The best VPNs can make your online life more private with software that's convenient and cheap — sometimes even free. While keeping your IP address invisible, you can use your VPN to explore streaming content from all over the world or (virtually) sneak into a sports event that's not available in your area.

However, while VPNs are widely available, there's a strange dearth of information on what they actually do behind the scenes. You may know that a VPN masks your device with a proxy server to make it look like you're somewhere else, and maybe even that encryption is involved. But finding any more details can mean running a gauntlet of misinformation.

That's a shame, because the inner workings of a VPN aren't all that difficult to understand.
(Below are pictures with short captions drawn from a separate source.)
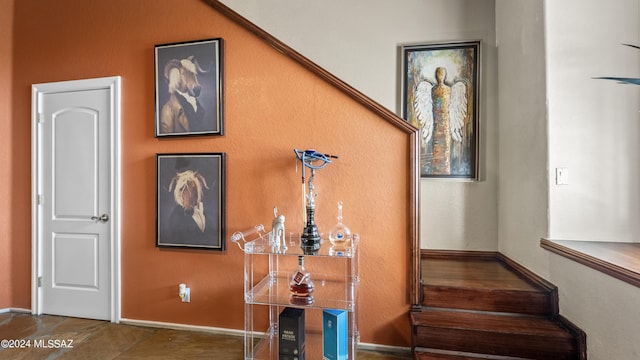 staircase with tile patterned floors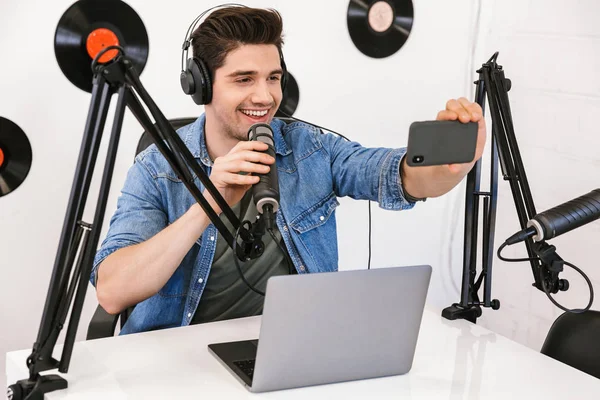 Handsome happy young male radio host broadcasting — Stock Photo, Image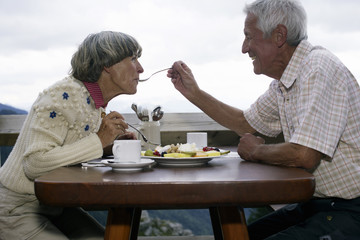 Senior adult couple is sitting on the terrace of a restaurant, selective focus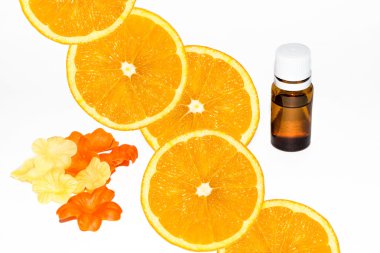 Bottle of aromatic essence and fresh orange slices on white.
You may not be able to build one yourself without a degree in computer science, but with a little work, you can understand exactly what it's doing on your computer. That's information you can use to select the right VPN for you, and make the most of it once you've got it.

What is a VPN?

To make sure nobody gets left behind, I'll start from the beginning. A VPN (virtual private network) is a method of securely accessing a network, either a closed network (like you might have at the office) or the internet as a whole. Initially, organizations set up VPNs so remote workers can work with secure files. While this still happens, the last 15 years have seen VPNs increasingly marketed to individuals, with Proton VPN, ExpressVPN and others seeing massive user growth.
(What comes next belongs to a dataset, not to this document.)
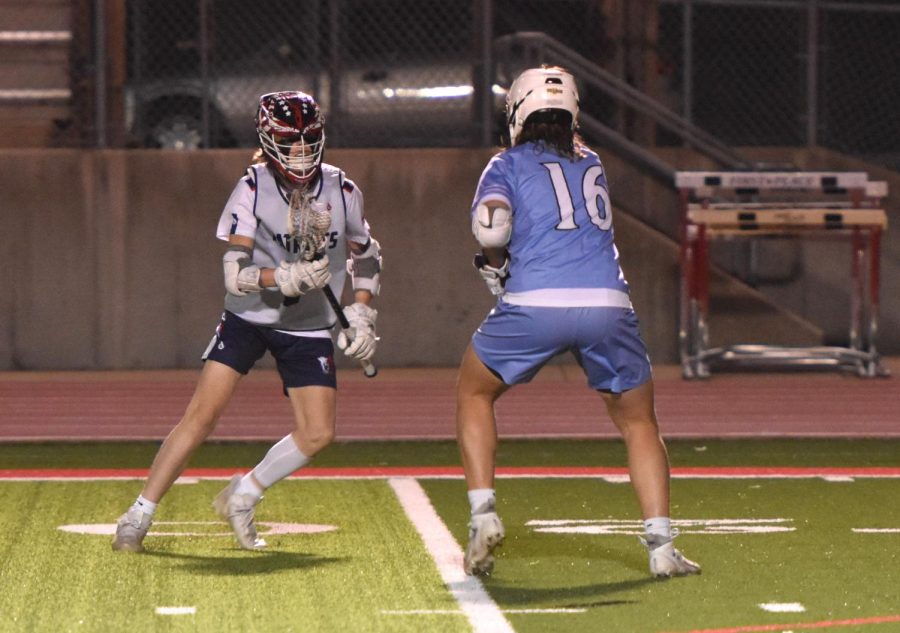 Sophomore+Brody+Gilreath+dodges+his+defender+to+go+to+the+goal+during+a+recent+lacrosse+game.+Photo+by+Izzy+Puccio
Broadly, a VPN consists of two parts: the server, which forwards requests to your chosen destination, and the client, a piece of software that lets you interact with the server. You can find a longer explanation here, but I'll use the two sections below to tell you what you need to know right now.

One more note before that — there are multiple kinds of VPNs, including the remote-access VPNs and site-to-site VPNs commonly used by workplaces. However, for this article, I'll be talking mainly about the commercial VPN services sold to individuals for general security needs. Instead of a specific network, these VPNs are designed to handle all of a user's traffic to any point on the internet.

What happens when you use a VPN?

First, you use the client to connect to a server — either the fastest one available or a particular location you need. Once you've connected, every request you send to the internet goes through the VPN server first. This communication between your device and the web is encrypted so it can't be traced back to you.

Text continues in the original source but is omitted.